I doubt if even the Obama and Romney teams will be watching the votes as closely as the beef factories are watching each other this week.
Cattle supplies are continuing to tighten and the processors are, against their will, being forced to increase quotes and prices.
Last week's estimated kill was short of 30,000hd. Strong competition and higher prices from plants in the North are building pressure on the factories in the Republic to get off the fence.
Good Friesian bulls grading R have travelled northwards with free travel at €4/kg, while O grade Friesian bulls have made €3.90/kg. Down here, the best price I have heard of was €4/kg for a mix of R and U grade continental bulls.
In general however, quotes are 395-400c/kg for U grades, with 402c/kg available in the northwest region. R grades are at 385-390c/kg and O grade bulls are 370-380c/kg.
Steer quotes have risen by 5c/kg at a minimum and, despite quotes of 385-390c/kg, many finishers are bargaining for a base of 390c/kg.
In-spec R grades are making up to 402c/kg in the northwest while heifers are at 408c/kg. Base quotes elsewhere for heifers are 395-400c/kg. Some farmers selling in-spec heifers in the northeast have secured a base of up to 405c/kg.
IFA livestock chairman Henry Burns said there was much more bite to the trade this week and welcomed the badly needed increase in quotes and prices.
He advised farmers to shop around and bargain hard to maximise the value of their stock, particularly given the increased costs involved in producing finished cattle for slaughter.
The top price paid for U grade cull cows was 380c/kg, but quotes are closer to 350-370c/kg. R grade quotes are 340-360c/kg but 370c/kg was offered by a factory agent for a good number of cows to travel a fair distance to slaughter.
While O grade quotes are at 320-346c/kg, good mixes of O and R grade cows have made 460-463c/kg. P+ cows are making 300-334c/kg.
Cattle supplies to date this year are running around 14pc or 177,300hd behind last year's levels.
The UK trade, according to Bord Bia, was reported as reasonable with prices including VAT equivalent to 468c/kg in the past week.

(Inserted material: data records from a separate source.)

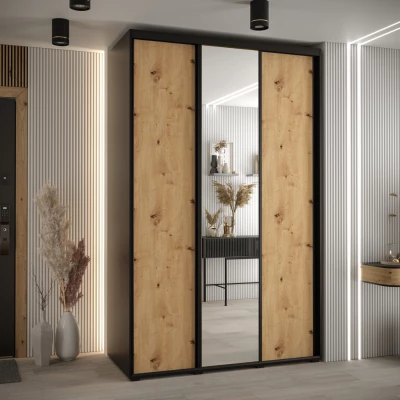 Šatní skříň ASIRI 3 - 150/60 cm, černá / dub artisan / černá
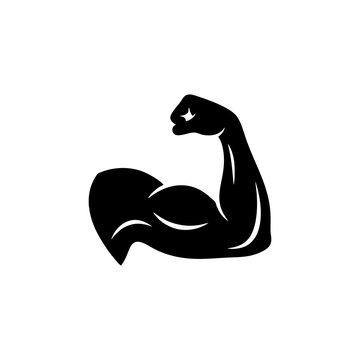 Female arm flexing bicep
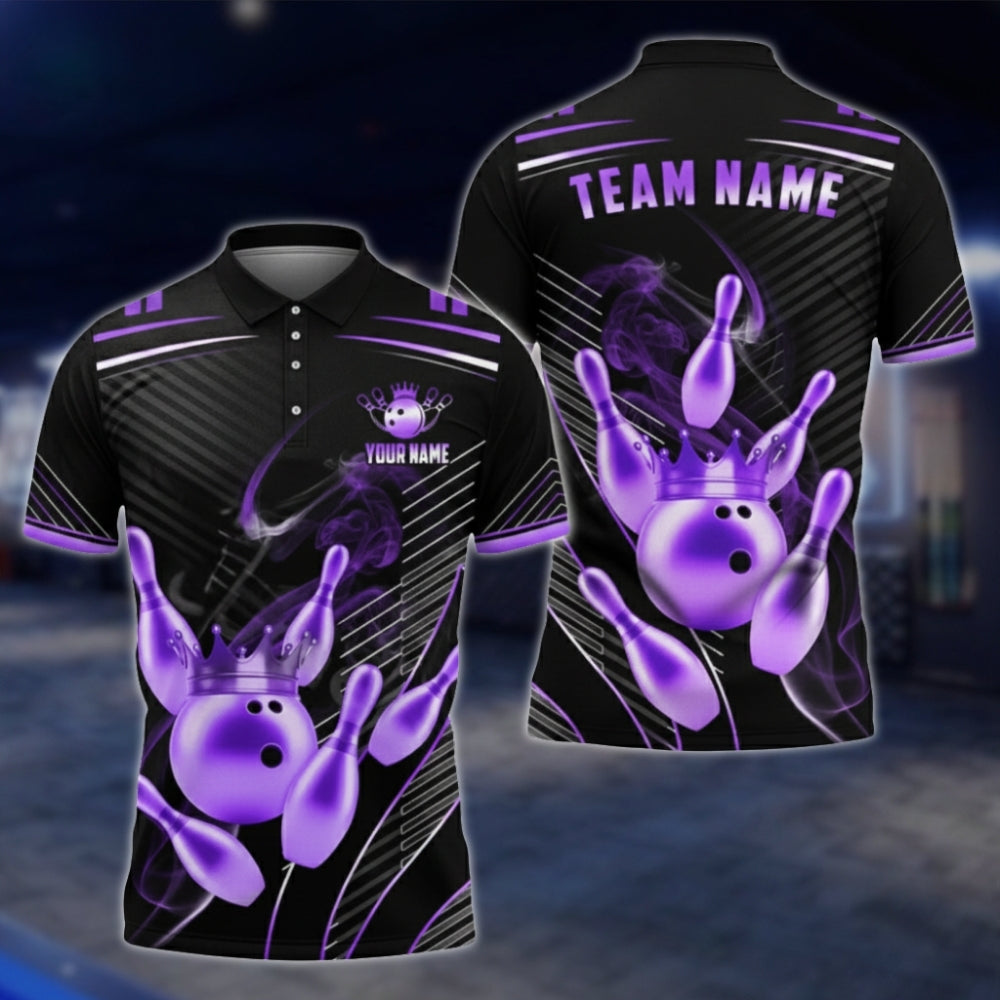 Golden Pins And Ball Custom Team Bowling Polo Shirt For Men, Custom Black Gold Bowling Team Shirts BA0007 BOW0479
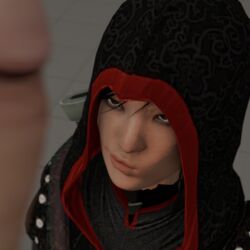 1boy 1girls 3d assassin's_creed_chronicles black_eyes black_hair clothed clothed_female cock_worship erect_penis erection face_focus female female_focus imminent_oral looking_at_penis looking_pleasured male naughty_face sfmjake shao_jun smiling solo_focus straight worship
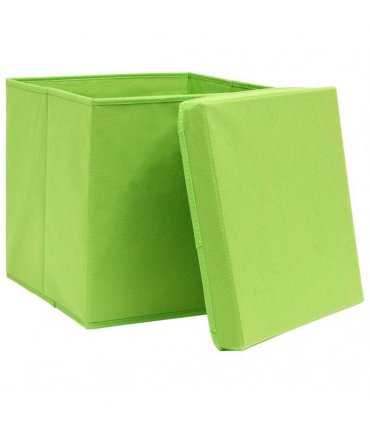 vidaXL Storage Boxes with Covers 10 pcs 28x28x28 cm Green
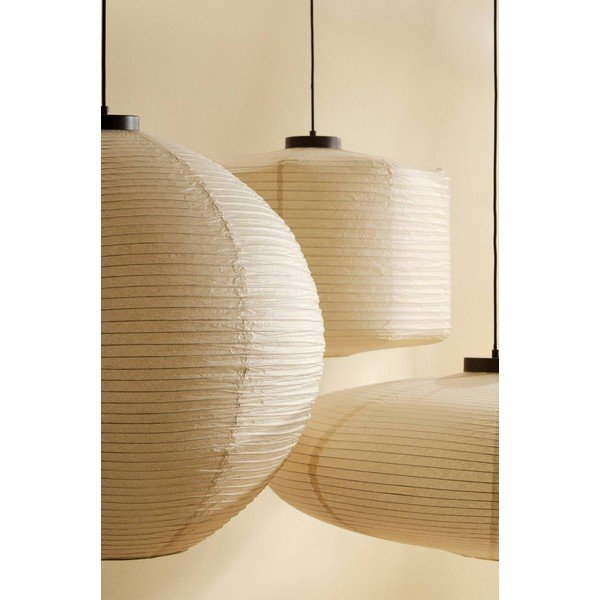 Smėlio spalvos iš popieriaus kabantis šviestuvas ø 60 cm Siv – Jotex-image-3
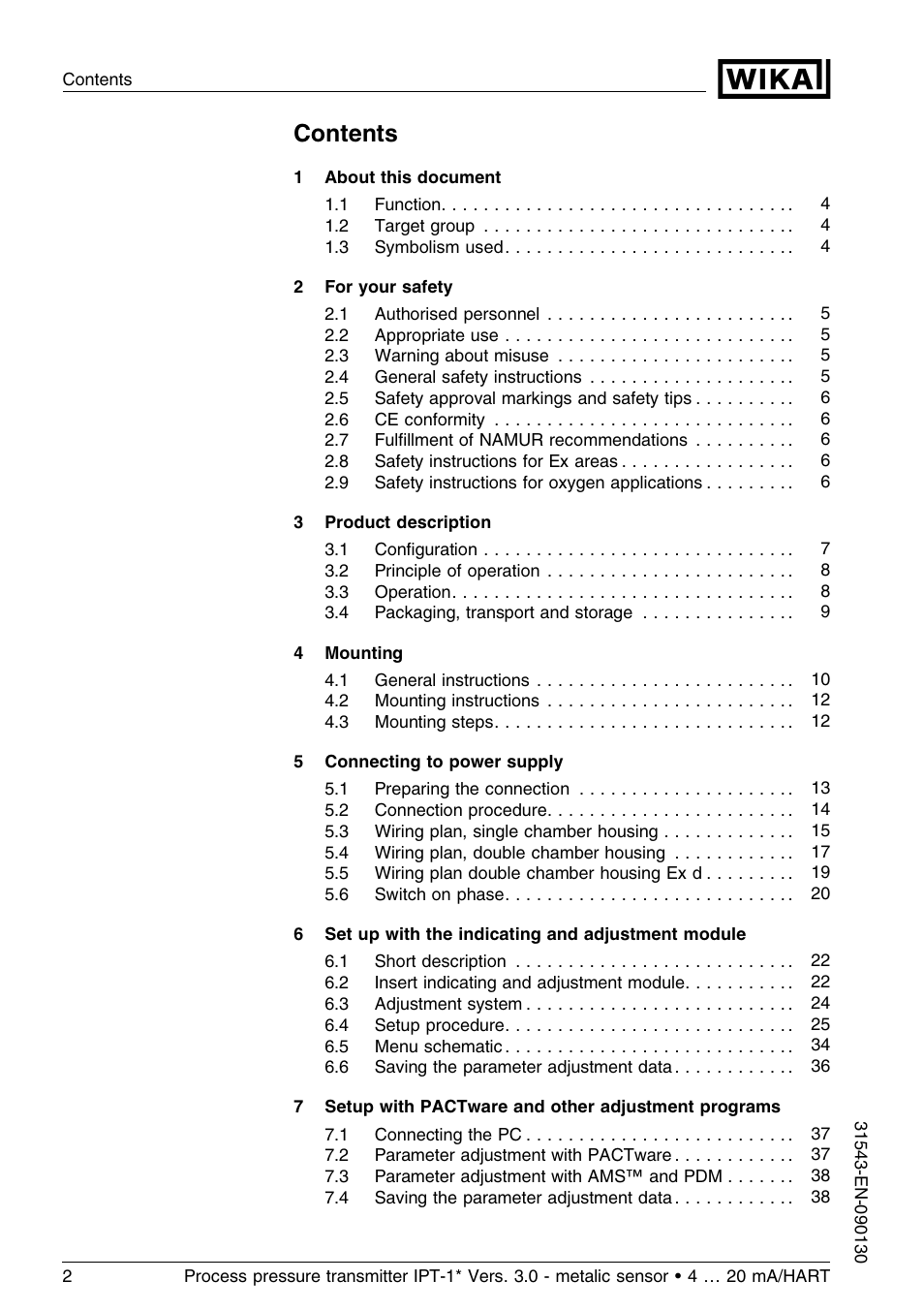 WIKA IPT-11 User Manual | Page 2 / 56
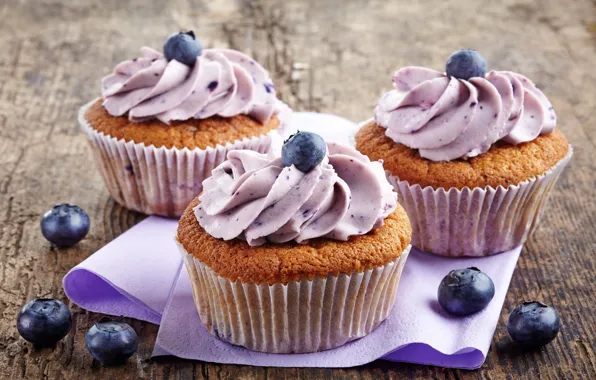 Berries, blueberries, cake, dessert, sweet, sweet, cupcake, cupcake
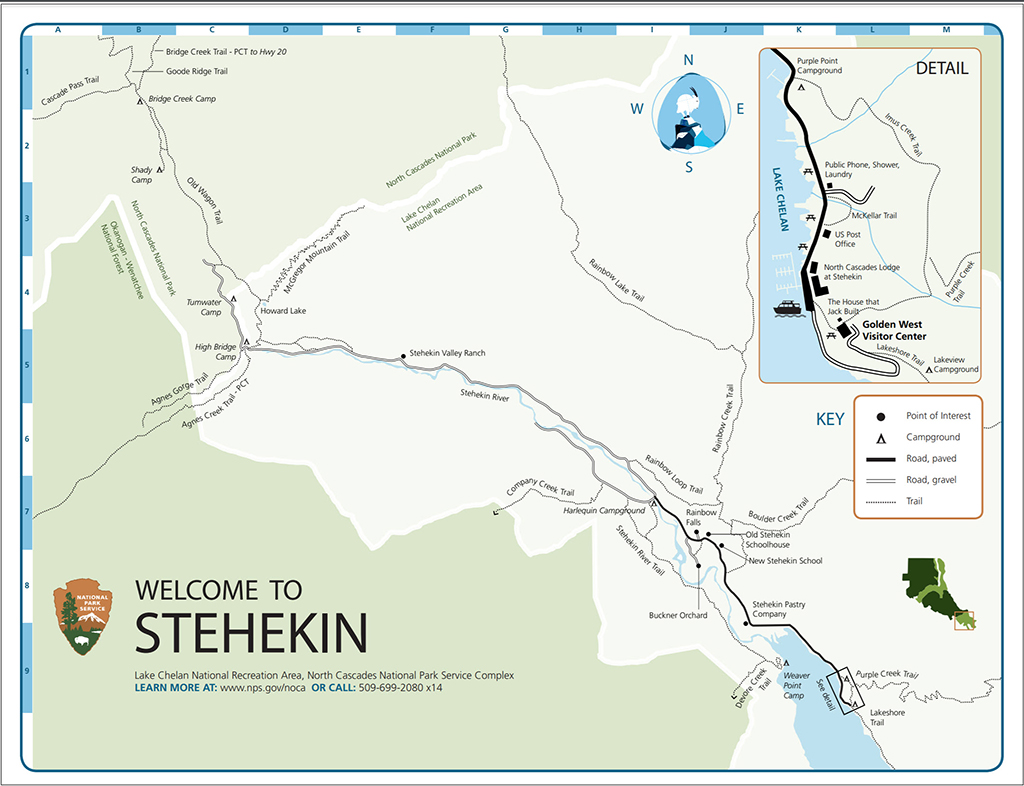 Stehekin and the Lake Chelan National Recreation Area map, North Cascades Complex / NPS Stehekin and the Lake Chelan National Recreation Area map, North Cascades Complex / NPS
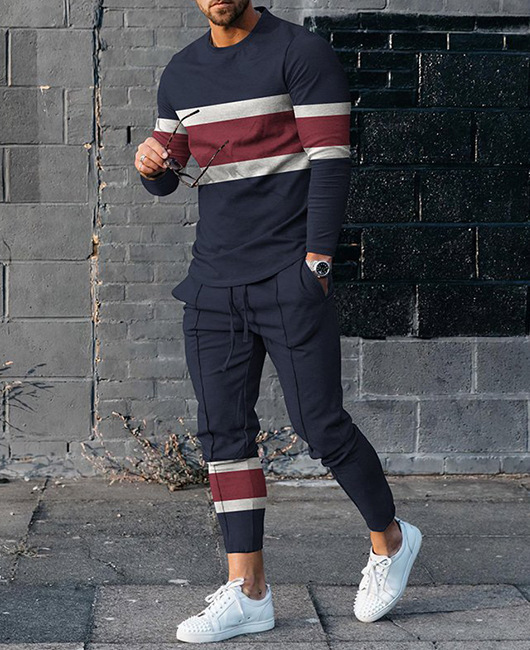 Zweiteiliges Set | Langarm | Kordelzug | Kombi-Set | Jogginganzug-Sets für Herren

On the continent, trade across most of the key markets was mixed, with prices reflecting this pattern.
On some markets, demand for some fifth quarter cuts has recovered from recent trading. Some lift in demand for hindquarter cuts such as fillets are expected to improve as consumers continue to stock up in advance of Christmas.
In France, Irish steer hinds are making up to €5.57/kg. R3 young bulls remained unchanged in Germany at €4.26/kg, with O3 cow prices also unchanged at €3.27/kg.
Meanwhile, the Chefs' Irish Beef Club reached another significant milestone recently with the launch of a new chapter of the club in Switzerland.
Switzerland has always been a prime destination for our higher value steak cuts on account of high disposable income levels and a vibrant foodservice sector that is boosted by a year-round tourism industry.
In 2011, Irish beef exports into Switzerland were valued at €18.6m, an increase of 23pc on the previous year.